Earlier this week, I published a guest article from Financial Samurai. I've decided to do something I've only twice before in fifteen years at Get Rich Slowly — I'm retracting that article.
Sam's article, while new, rehashed a piece he'd previously written for his own site. I was unaware of that original article until I published this new version. In principle, I'm fine posting this sort of thing — an article that covers existing material in a new way — because that's what we writers do: We cover the same topics again and again and again.
In this case, however, not only was I unaware that Sam had already written about this material, but I was unaware that the original piece had generated a ton of controversy, and that many of Sam's assertions had been called into question and/or disproven. (What can I say?
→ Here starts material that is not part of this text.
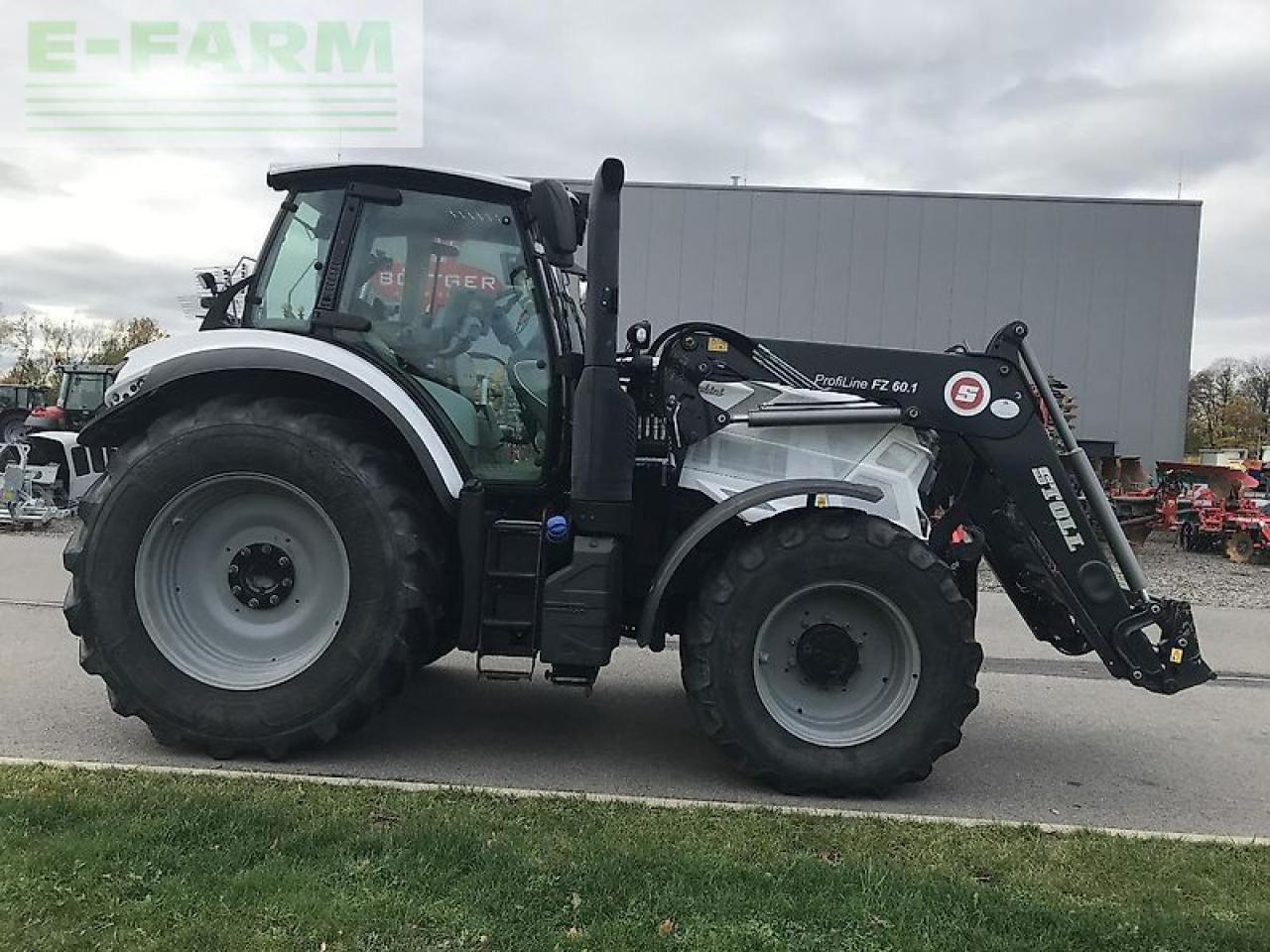 Deutz-Fahr 6165 ttv / lamborghini 165 vrt TTV - Трактор: фото 5 Deutz-Fahr 6165 ttv / lamborghini 165 vrt TTV - Трактор: фото 5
I read a lot of personal-finance blogs, but it's not possible for me to see every article.)
While I didn't agree with Sam's premises or conclusions in the article, that didn't bug me. I don't view Get Rich Slowly as a monolithic, dogmatic place that promotes only one view of money. Quite the opposite, in fact.
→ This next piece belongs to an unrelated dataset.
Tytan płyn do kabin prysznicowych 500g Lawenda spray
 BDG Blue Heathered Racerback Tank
My motto here since Day One has been “do what works for you”. By this, I mean to say that there are many different ways to constructively manage your finances. What works for one person might not work for somebody else. There are often multiple ways to accomplish the same goal. (Take getting out of debt, for instance. There are several smart ways to go about that task.)
Because I'm open to sharing different ideas, I sometimes publish articles from authors who hold very different viewpoints from my own. This is nothing new. I've been doing it since I started the site.
I believe strongly, for instance, that it's perfectly fine for committed couples — even married couples — to maintain separate finances. Again, do what works for you. All the same, I once published an article arguing that the only right way to manage money is to merge your finances when you get married. And I've published pieces on the importance of religion in personal finance despite the fact that I'm agnostic. You get the idea.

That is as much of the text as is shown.